AerialGo: Walking-through City View Generation from Aerial Perspectives
Fuqiang Zhao, Yijing Guo, Siyuan Yang, Xi Chen, Luo Wang, Lan Xu, Yingliang Zhang, Yujiao Shi, Jingyi Yu
TL;DR
AerialGo addresses the privacy and scalability bottlenecks of city-scale 3D reconstruction by generating realistic ground-view images from aerial data using a multi-view diffusion framework conditioned on aerial references and 3D priors. It introduces a diffusion-based Aerial2Ground generator and integrates generated priors into 3DGS backbones, yielding improved ground-view fidelity and structural coherence. The paper also presents the AerialGo dataset, a large-scale collection of 3.45 million aerial and ground-view images across 134 km^2 with depth and camera annotations to enable training and evaluation. Across extensive experiments, AerialGo demonstrates superior ground-level realism and occlusion handling, offering a privacy-preserving, scalable approach for city-scale 3D reconstruction and walk-through rendering.
Abstract
High-quality 3D urban reconstruction is essential for applications in urban planning, navigation, and AR/VR. However, capturing detailed ground-level data across cities is both labor-intensive and raises significant privacy concerns related to sensitive information, such as vehicle plates, faces, and other personal identifiers.
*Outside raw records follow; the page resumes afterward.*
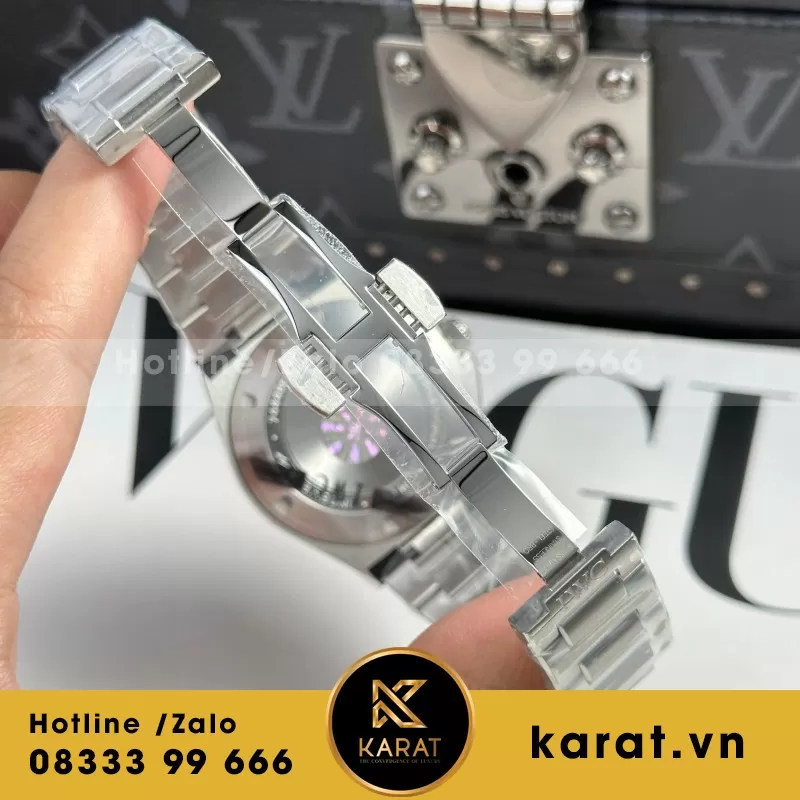 Đồng hồ IWC Ingenieur IW328907 Rep 11 mặt xanh white dây kim loại xưởng V7 40mm - Ảnh 4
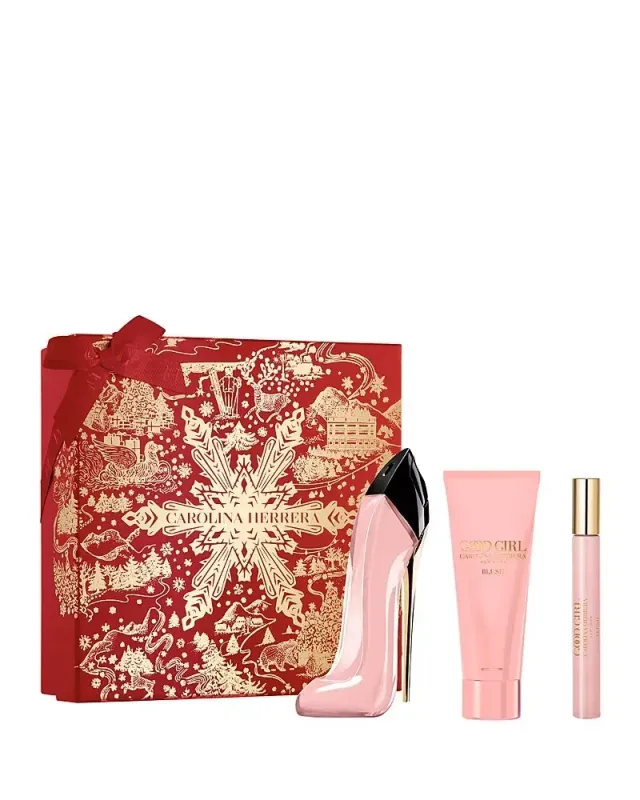 GOOD GIRL BLUSH by CAROLINA HERRERA 3Pcs Gift Set ( 2.7oz Eau de Parfum Spry + 3.4oz B/L +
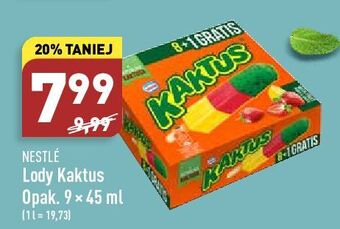ALDI Lody cytrynowo-truskawkowe Nestle Kaktus oferta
To address these challenges, we propose AerialGo, a novel framework that generates realistic walking-through city views from aerial images, leveraging multi-view diffusion models to achieve scalable, photorealistic urban reconstructions without direct ground-level data collection. By conditioning ground-view synthesis on accessible aerial data, AerialGo bypasses the privacy risks inherent in ground-level imagery. To support the model training, we introduce AerialGo dataset, a large-scale dataset containing diverse aerial and ground-view images, paired with camera and depth information, designed to support generative urban reconstruction. Experiments show that AerialGo significantly enhances ground-level realism and structural coherence, providing a privacy-conscious, scalable solution for city-scale 3D modeling.